12.04.2007 Zivilrecht

OGH: Das Informationsbedürfnis der Öffentlichkeit führt jedenfalls dann zur Verneinung der Rechtswidrigkeit, wenn der Namensträger sachlichen Anlass zur Nennung seines Namens gegeben hat


Schlagworte: Persönlichkeitsrecht, Namensanonymität, Interessenabwägung
Gesetze:

§ 16 ABGB, § 43 ABGB

In seinem Erkenntnis vom 15.02.2007 zur GZ 6 Ob 266/06w hat sich der OGH mit dem Recht auf Namensanonymität befasst:

OGH: Das Recht auf Namensanonymität leitet sich aus dem allgemeinen Persönlichkeitsrecht ab. Allerdings ergibt sich beim allgemeinen Persönlichkeitsrecht - anders als bei den meisten anderen absoluten Rechten - dessen konkreter Gehalt stets erst aus einer umfassenden Interessensabwägung, bei der dem Interesse am gefährdeten Gut die Interessen des Handelnden und der Allgemeinheit gegenübergestellt werden müssen, würde doch eine Überspannung des Schutzes der Persönlichkeitsrechte zu einer unerträglichen Einschränkung der Interessen anderer und jener der Allgemeinheit führen. Die Namensnennung ist jedenfalls dann nicht rechtswidrig, wenn sie ausdrücklich gesetzlich geboten oder erlaubt ist. Hat der Betroffene nicht zugestimmt und besteht weder ein gesetzliches Verbot noch eine ausdrückliche gesetzliche Ermächtigung, hängt die Frage der Rechtswidrigkeit der Namensnennung von einer vorzunehmenden Interessenabwägung ab.

Abzuwägen sind die jeweils berührten Persönlichkeitsinteressen und die Gegeninteressen, insbesondere die Informationsinteressen der Öffentlichkeit und die öffentliche Aufgabe der Medien. Die Rechtswidrigkeit einer Namensnennung kann sich vor allem aus dem Inhalt der mit der Namensnennung verbundenen Aussage ergeben. Dies ist insbesondere bei Mitteilungen über Tatsachen der Privatsphäre der Fall. Soweit sich die Rechtswidrigkeit der Namensnennung nicht aus der verwerflichen Typizität des Aussageinhalts ergibt, folgt sie aus dem Missverhältnis zum Informationszweck. Dies ist etwa bei der Namensnennung in reinen Sensationsberichten der Fall. Gleiches gilt, wenn willkürlich Unbeteiligte durch Namensnennung unverschuldet in den Blickpunkt der Öffentlichkeit geraten.
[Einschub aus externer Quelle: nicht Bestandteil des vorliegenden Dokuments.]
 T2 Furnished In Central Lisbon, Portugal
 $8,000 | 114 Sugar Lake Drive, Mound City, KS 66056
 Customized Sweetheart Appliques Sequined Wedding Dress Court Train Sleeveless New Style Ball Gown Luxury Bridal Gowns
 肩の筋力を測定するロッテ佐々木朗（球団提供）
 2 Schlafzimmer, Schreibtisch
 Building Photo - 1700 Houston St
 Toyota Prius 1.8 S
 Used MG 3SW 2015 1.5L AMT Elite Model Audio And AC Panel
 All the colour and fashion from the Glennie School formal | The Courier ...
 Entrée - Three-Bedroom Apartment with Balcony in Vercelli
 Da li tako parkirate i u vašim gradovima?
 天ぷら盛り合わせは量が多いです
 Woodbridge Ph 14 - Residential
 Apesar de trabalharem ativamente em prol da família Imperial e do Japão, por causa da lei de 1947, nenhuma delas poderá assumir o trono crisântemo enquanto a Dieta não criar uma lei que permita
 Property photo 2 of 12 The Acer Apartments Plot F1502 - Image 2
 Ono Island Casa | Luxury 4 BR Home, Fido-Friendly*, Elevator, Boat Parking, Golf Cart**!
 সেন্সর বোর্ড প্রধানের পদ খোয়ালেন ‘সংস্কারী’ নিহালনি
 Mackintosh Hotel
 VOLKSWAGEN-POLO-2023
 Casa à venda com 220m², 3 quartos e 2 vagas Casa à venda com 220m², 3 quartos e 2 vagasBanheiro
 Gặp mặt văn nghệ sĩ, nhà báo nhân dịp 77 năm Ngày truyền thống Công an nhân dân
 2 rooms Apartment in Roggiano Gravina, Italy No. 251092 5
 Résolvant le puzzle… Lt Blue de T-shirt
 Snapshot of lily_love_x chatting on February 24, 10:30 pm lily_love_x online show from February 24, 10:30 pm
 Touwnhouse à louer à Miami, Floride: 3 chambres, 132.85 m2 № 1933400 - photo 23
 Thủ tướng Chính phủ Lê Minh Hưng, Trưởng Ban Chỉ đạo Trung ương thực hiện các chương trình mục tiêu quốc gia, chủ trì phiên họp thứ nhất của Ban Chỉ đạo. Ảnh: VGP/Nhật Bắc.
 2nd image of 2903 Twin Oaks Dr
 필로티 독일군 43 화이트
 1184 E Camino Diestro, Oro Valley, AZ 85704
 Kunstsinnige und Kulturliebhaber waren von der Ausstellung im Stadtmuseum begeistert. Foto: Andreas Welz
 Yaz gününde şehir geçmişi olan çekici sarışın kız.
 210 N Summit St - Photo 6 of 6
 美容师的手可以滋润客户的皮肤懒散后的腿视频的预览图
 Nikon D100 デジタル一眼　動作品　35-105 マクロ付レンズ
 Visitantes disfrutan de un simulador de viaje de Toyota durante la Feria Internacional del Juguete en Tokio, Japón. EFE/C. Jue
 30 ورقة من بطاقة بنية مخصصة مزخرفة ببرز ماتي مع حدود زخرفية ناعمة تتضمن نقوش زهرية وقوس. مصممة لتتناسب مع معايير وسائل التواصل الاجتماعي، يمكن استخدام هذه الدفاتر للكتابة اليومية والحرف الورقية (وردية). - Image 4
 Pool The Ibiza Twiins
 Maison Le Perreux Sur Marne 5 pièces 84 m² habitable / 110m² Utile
Nach stRsp führt das Informationsbedürfnis der Öffentlichkeit jedenfalls dann zur Verneinung der Rechtswidrigkeit, wenn der Namensträger sachlichen Anlass zur Nennung seines Namens gegeben hat. Hat der Genannte selbst zur Namensnennung sachlichen Anlass gegeben, so kommt diesem Umstand im Rahmen der Interessenabwägung besondere Bedeutung zu. Umgekehrt kann jedoch aus dem Umstand, dass der Genannte selbst keinen sachlichen Anlass für die Nennung seines Namens gesetzt hat, noch nicht zwingend auf die Unzulässigkeit der Namensnennung geschlossen werden.